ZTE has prematurely ended a crowdfunding campaign that was designed to bring the vision of the brand’s fans to life. Unfortunately, it seems fans had other ideas.
The company had been hoping to raise $500,000 or more for its Project CSX handset, but when it was drawn to a close with just over one day left to run, it had raised just $36,245. In a project update noting the end of the fundraising, ZTE said that the project itself wasn’t necessarily dead.
“Project CSX has always been about going against the norm and trying something different. But above all, it’s been about listening to you, the consumer. Based on the feedback we’ve received on both Kickstarter and our own Z-Community forum, we’ve decided to phase out this campaign; however, this doesn’t mean the project is over,” a spokesperson wrote.

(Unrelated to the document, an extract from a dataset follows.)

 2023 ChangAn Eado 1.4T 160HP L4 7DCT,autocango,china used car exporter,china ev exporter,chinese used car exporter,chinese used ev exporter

However, it’s hard to imagine the commercial sense in persevering with the launch of a product that’s destined to only be of interest to a very limited audience. Instead, the company’s going to review the hardware specs of the project, while still with the intention of keeping the self-adhesive backing and eye-tracking, to make the device more competitive. Several comments on the Kickstarter campaign noted that the proposed specs weren’t up to scratch.
The original estimated delivery date for the devices was set for September this year, but ZTE says that when the handset does arrive, it’ll be later than that due to the as-yet undecided changes in specs. Anyone that backed the original project won’t be charged the $199 pledge amount, as it wasn’t successfully funded.

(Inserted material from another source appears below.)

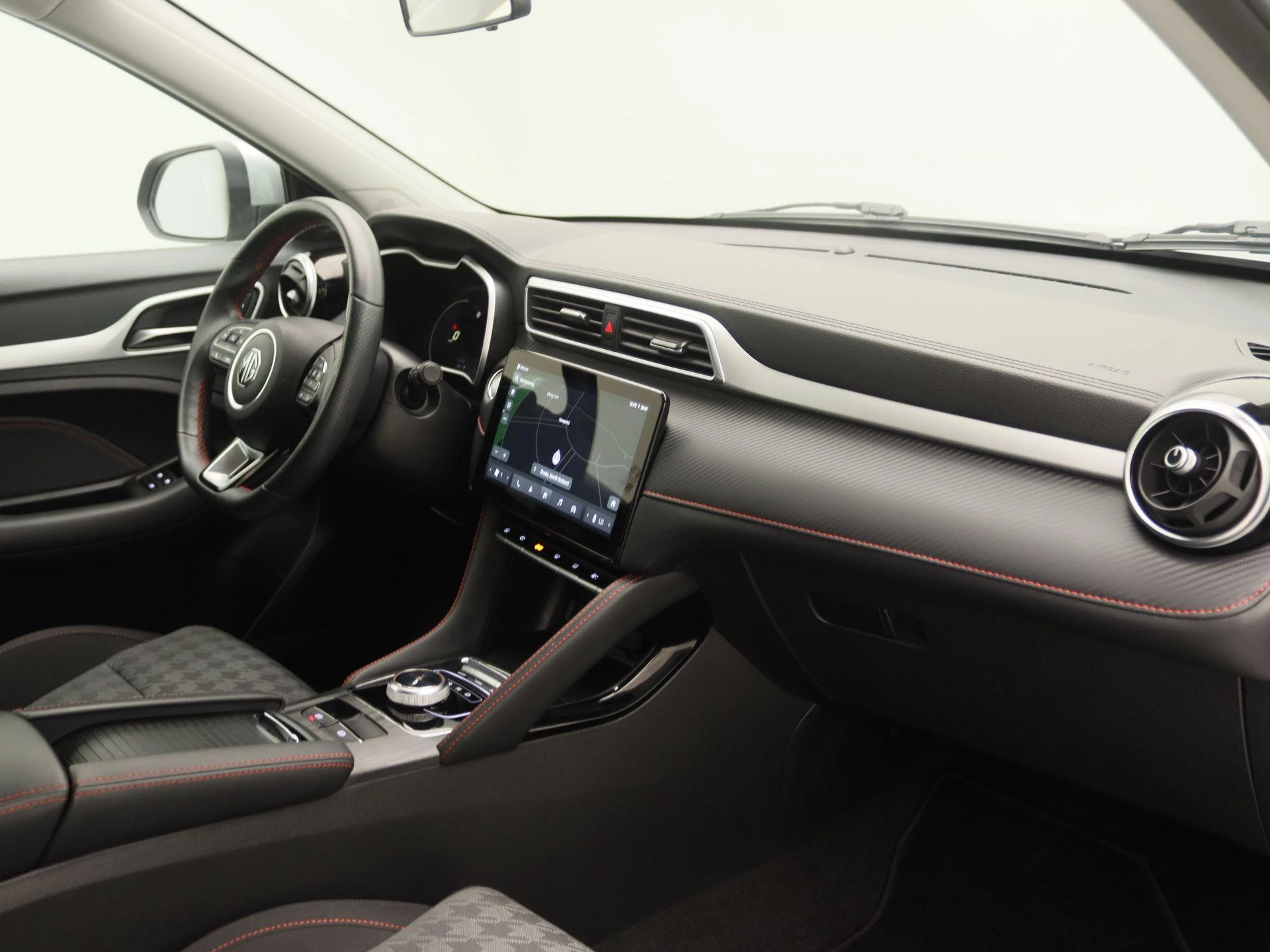 MG-ZS EV-image-23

While it’s probably the right move from ZTE, it’s a bit of an embarrassing situation too – trying to build support for your next device through crowdfunding to involve the community was always going to be a bit of a risk. It’s by no means the first company to try and crowdfund new smartphones though. The Nextbit Robin is an example of a successful campaign, while Ubuntu unsuccessfully tried to raise $32 million for its Edge smartphone back in 2013.